Housing Slump and Bad Mortgages
How did a bunch of bad home loans push our financial system to the edge of a cliff and plunge the world into recession? It's complicated, but we'll try to simplify it.
The housing market was sizzling hot a few years ago. In some areas of the country, home values were escalating at unsustainable double-digit rates. With the Bush administration pushing the "Ownership Society" meme, owning a home was becoming an entitlement and everybody wanted in.
Wall Street and lending institutions were eager to oblige. So-called ninja loans—the lowest quality of sub-prime loans—were extended to people who had no income, no job, no assets. The housing bubble was underway.
In saner times, borrowers might have stopped to realize that they were getting in over their heads, especially with adjustable rates that would eventually shoot up. But herd mentality rationalizes with: "if lenders are making it this easy to own a house, and if everybody else is buying, I'd be crazy to miss this opportunity."
Of course, most lenders believed that housing prices would keep rising, so relaxing their standards didn't seem so risky. But by mid-2007, the housing bubble was turning into a housing bust and the financial downfall began. Sub-prime borrowers defaulted leaving behind empty houses and unkempt lawns, thereby reducing property values and adding to the market decline.
But it was Wall Street`s securitization of these mortgages—mortgage-backed securities —that eventually turned the housing slump into a full-scale banking crisis. Major brokerage firms had bought up risky mortgages, sliced and diced them, then bundled them into packages and sold them as securities. Course no one really knew what these securities were worth, not the sellers, and certainly not the buyers.

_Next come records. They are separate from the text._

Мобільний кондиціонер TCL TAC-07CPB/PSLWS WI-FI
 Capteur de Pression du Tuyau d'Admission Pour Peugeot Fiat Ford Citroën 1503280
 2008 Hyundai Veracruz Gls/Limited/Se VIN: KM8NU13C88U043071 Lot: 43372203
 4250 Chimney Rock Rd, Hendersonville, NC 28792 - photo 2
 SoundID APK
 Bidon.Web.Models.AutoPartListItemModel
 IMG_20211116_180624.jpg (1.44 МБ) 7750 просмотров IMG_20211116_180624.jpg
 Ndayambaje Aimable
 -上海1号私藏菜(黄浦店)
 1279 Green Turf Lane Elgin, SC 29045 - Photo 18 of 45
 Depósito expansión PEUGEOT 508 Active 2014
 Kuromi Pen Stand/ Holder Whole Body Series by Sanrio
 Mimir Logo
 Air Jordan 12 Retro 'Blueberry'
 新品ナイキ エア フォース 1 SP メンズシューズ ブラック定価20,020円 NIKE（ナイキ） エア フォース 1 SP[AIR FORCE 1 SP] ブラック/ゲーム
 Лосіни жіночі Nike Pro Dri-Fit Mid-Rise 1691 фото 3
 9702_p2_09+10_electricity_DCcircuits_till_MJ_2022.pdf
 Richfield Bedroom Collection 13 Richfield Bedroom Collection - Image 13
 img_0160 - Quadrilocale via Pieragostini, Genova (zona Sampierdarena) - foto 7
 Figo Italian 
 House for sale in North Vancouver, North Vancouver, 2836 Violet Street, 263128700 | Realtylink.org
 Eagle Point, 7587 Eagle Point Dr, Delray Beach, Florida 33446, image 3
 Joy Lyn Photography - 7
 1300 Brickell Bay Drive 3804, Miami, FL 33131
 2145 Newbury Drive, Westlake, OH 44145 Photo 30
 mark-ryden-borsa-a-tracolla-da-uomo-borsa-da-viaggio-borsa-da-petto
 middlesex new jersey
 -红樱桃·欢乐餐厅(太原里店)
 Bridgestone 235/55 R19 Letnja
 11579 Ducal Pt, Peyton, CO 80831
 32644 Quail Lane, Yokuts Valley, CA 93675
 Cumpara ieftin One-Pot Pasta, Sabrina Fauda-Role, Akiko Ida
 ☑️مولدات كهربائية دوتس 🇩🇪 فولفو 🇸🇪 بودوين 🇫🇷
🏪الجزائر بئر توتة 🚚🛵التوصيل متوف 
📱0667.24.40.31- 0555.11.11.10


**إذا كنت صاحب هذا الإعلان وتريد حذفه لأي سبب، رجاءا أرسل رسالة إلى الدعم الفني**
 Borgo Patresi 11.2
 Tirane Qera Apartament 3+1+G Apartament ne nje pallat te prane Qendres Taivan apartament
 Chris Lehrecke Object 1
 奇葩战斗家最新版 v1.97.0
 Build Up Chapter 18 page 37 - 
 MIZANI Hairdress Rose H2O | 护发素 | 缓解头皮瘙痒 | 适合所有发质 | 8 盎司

The situation might have been more manageable had it not been for some other murky contracts related to the securities—credit default swaps —complex and cryptic documents sold as insurance policies to protect the underlying value of the mortgage-backed securities. They were such meaningless contracts, they lead to the collapse of companies that backed them, including AIG, the nation`s largest insurance firm.
Consumers Share the Blame
We can't blame everything on Wall Street. Herd mentality has lulled the consuming public into irresponsible and compulsive shopping habits—charging more and saving less. They have created their own individual debt bubbles and charged themselves into a credit crisis they can no longer manage. Between 1990 and 2007, credit card debt jumped from $214 billion to $937 billion, while our nation`s savings rate is the lowest in the developed world.